UPDATE
Big Data's Parallel Universe Brings Fears, And A Thrill by Dennis Overbye, The New York Times, Science, June 4, 2012
The Age Of Big Data, by Steve Lohr, The New York Times, Sunday Review, The Opinion Pages, February 11, 2012
The Elusive Big Idea by Neal Gabler, The New York Times, Sunday Review, Opinion Pages, August 13, 2011
The Theory of Everything (Sort Of) by Thomas L. Friedman, The New York Times, Sunday Review, Opinion Pages, August 13, 2011
"Explaining it All: How We Became the Center of the Universe," The Beginning of Infinity: Explanations that Transform the World by David Deutsch reviewed by David Albert, The New York Times, Sunday Book Review, August 12, 2011
"Information Is Cheap, Meaning Is Expensive" by George Dyson, The European, October 17, 2011
So What Do We Do With All This Data?, Smithsonian.com, Innovations, January 23, 2011
ORIGINAL POST
Does it matter? For example, does it matter when our leaders take major actions risking our citizens' blood and nation's treasure after they ignore meanings and facts that must be derived from raw information? Is such leadership wise?

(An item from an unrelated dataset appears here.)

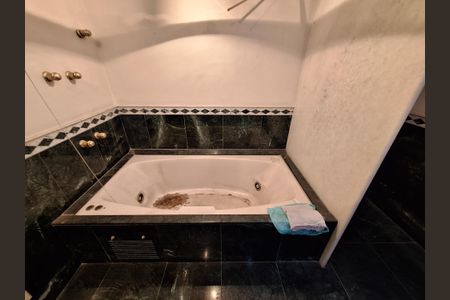 Apartamento para alugar com 300m², 3 quartos e 1 vaga Apartamento para alugar com 300m², 3 quartos e 1 vagaBanheiro da suíte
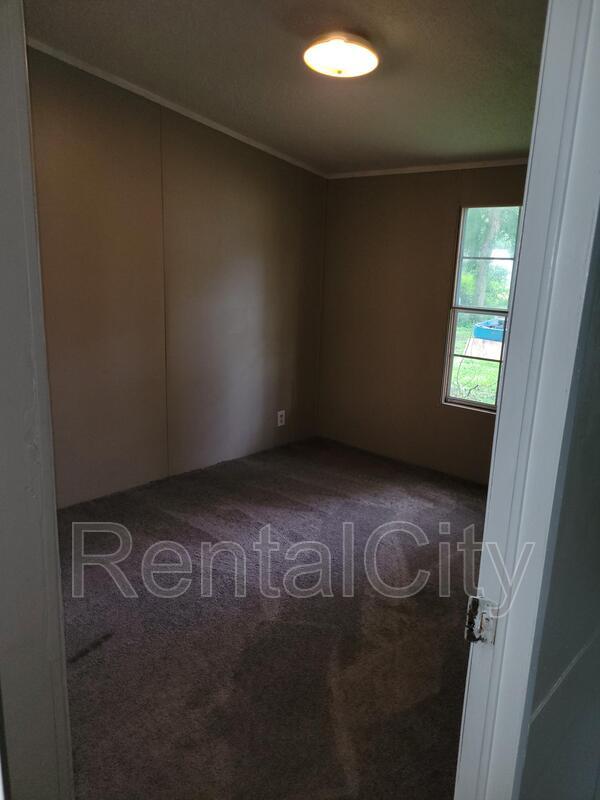 1105 Barney St, Dyersburg, TN 38024 House Rental in Dyersburg, TN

Former US Secretary of Defense, Donald Rumsfeld:
"[T]here are known knowns; there are things we know we know. We also know there are known unknowns; that is to say we know there are some things we do not know. But there are also unknown unknowns – the ones we don't know we don't know."
But, Rumsfeld failed to mention that there are also what I call "unknown knowns" - that is to say things about which we have a lot of information but to which we have not yet given meaning and therefore do not adequately understand.
One could well argue that George W. Bush, Dick Cheney and Rumsfeld waged war against Iraq based on "unknown knowns." That is, they had a lot of information about Iraqi history and culture but did not analyze it enough or give it meaning. Or, they just chose to ignore the meaningful knowledge that had been provided them.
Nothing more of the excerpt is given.